Even if he is deemed desirable just because he is the “new kid,” as too-cute Michelle (Dana Davis) puts it, or because he’s nearby, as noted by his chemistry-experimenting next door neighbor Liza (Ellary Porterfield), Johnny is probably most attractive because of his patent vulnerability. The other kids try to get him drinking right away (during a party at The Club where the adults are busy getting wasted in their own area). But Johnny, being Dawsonish — observant, “creative,” ambitious in spite of himself — tends to hold back. He has incentives. For one, his rehab girlfriend Nikki (Tessa Thompson) arrives just in time to remark the perverse wealth and indolence of his new neighbors (“The sun,” she sighs, “it attracts all you crazy white people”), then promptly makes a saddish spectacle of herself (by near-unconsciousness followed by puking in a bucket, then laments, “It’s easier to drink, it’s better”). And for another, at his first local AA meeting, Johnny meets a watchful fairy godmother, Jesse Jo (Leslie Jordan). Whether in drag or no, Jesse Jo offers up all kinds of sage advice, including the expected (stay away from Cliff) and the wry (“Startin’ over’s a bitch”).

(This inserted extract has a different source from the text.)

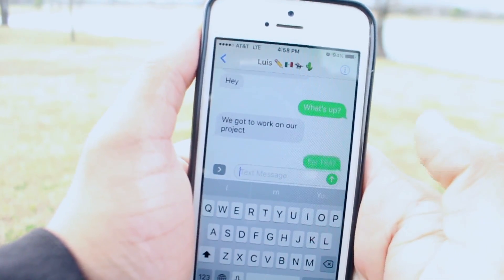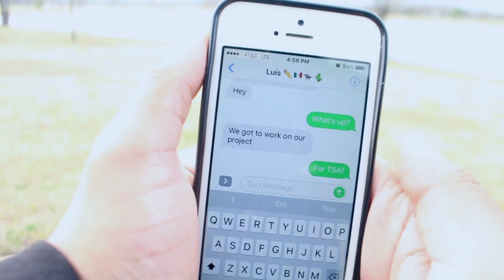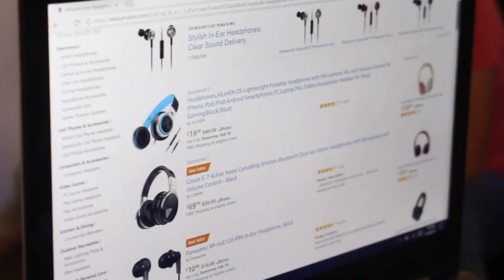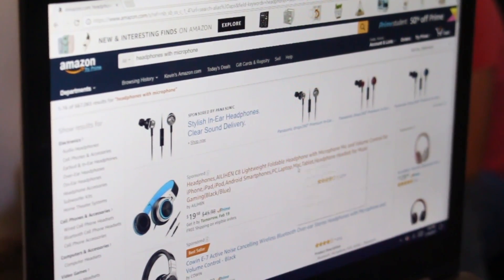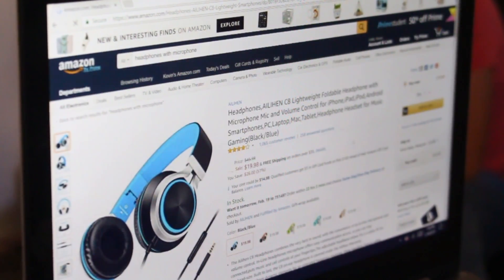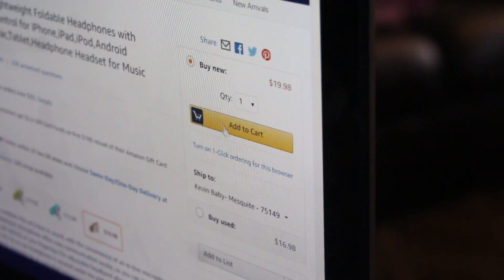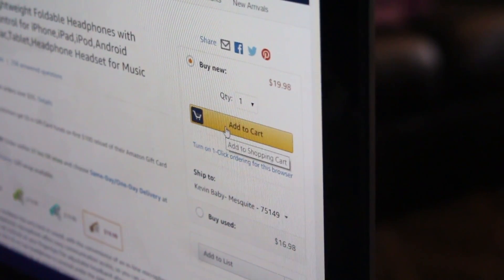Digital access is the full electronic participation in society. Digital commerce is the electronic buying and selling of goods. Technology users need to understand that a large share of the market economy is being done electronically, and users need to learn about how to be effective consumers in a new digital economy.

Plainly, Johnny is in need of steering: he misses the rain in Seattle, his dad generally, and whatever friends he might have had before he got sober. “I’m too young to be an alcoholic,” he complains to Jesse Jo. “That’s what kids my age do, drink.” Yeah, and, in Williamson’s universe, speak in witty aphorisms, resent their neurotic parents, and look terrific in swimsuits. In this version, they also grapple with death, addiction, and guilt. They’re too grown up and too young at the same time.